8. A projectile 1 as in claim 7 wherein said rearward end 11 is provided with a protruding rim 15 that functions as an air-brake.

9. A projectile 1 as in claims 7 or 8 wherein the forward end 10 of the targeting projectile 8 is directly exposed to the dispersible mass and a portion of such mass 6 is contained within said cylindrical portion 9 to serve as a filling for the targeting projectiles.

10. A projectile 1 as in claims 7, 8 or 9 wherein the targeting projectile 8 is ballistically balanced to maintain said forward end 10 oriented in the direction of travel of such targeting projectile 8 and thereby contain and carry said portion of the dispersible mass 6 within its cylindrical portion after the projectile casing 2 fragments and said targeting projectile 8 continues to proceed towards a target.

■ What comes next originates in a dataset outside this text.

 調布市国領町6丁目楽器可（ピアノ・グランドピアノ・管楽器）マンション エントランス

11. A projectile 1 as in claims 7, 8, 9 or 10 wherein a portion of said dispersible mass located within the forward, nose end 4 of the casing 2 is in a compacted state.to provide support for the casing nose end 4.

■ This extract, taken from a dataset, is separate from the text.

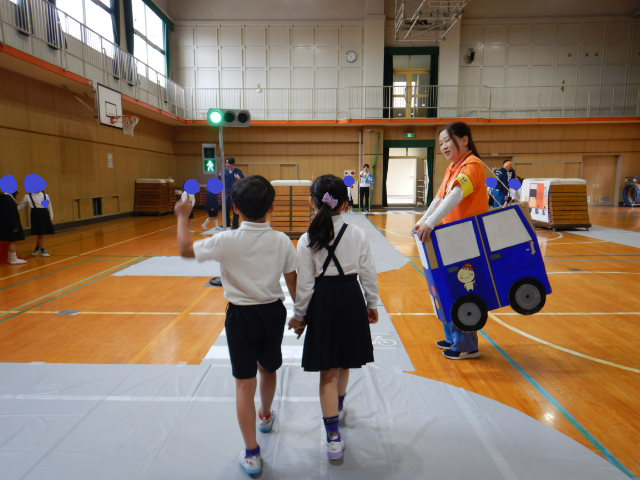体育館に準備した模擬道路で安全な歩行を学ぶ1年生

12. A method of loading a projectile 1 for a self- loading firearm wherein said projectile 1 comprises:

(1) a frangible, outer casing 2 having a generally cylindrical casing sidewall 3 which will fragment upon exiting the muzzle 27 of a firearm 24, an open rearward end 7 and a closed nose end 4;

(2) a dispersible mass 6 in sufficient quantity to ensure that said projectile 1 will support the self-loading function of a self-loading firearm contained as a filling within such outer casing 2; and

(3) a generally cylindrical, ballistically stable, targeting projectile 8 having a cylindrical portion 9 which is open at its forward end 10 and closed at its rearward end, said cylindrical portion 9 being dimensioned to fit sealingly within the base end 7 of said casing 2, the steps of the method comprising:

(a) first inserting an initial portion of the dispersible mass 6 into the casing 2 to fill its nose end 4;

(b) compacting said initial portion of the dispersible mass 6 within said casing 2;

(c) loosely filling the casing 2 with the remaining portion of the dispersible mass 6; and

(d) inserting said targeting projectile 8 with its forward end 10 first into the rearward end 7 of the casing 2 and thereby containing at least a part of said remaining portion of the dispersible mass 6 within the sidewall of the cylindrical portion of the targeting projectile 8.

13. A method as in claim 12 wherein said targeting projectile 8 is entirely filled with part of the remaining portion of said dispersible mass 6.

14. A projectile as in claims 1, 2, 3, 4, 5, 6 , 7, 8, 9, 10 or 11 in combination with a self-loading firearm.

15. A projectile as in claims 1, 2, 3, 4, 5, 6, 7, 8, 9, 10, 11 or 13 wherein said dispersible mass 6 predominantly consists of finely-divided tungsten.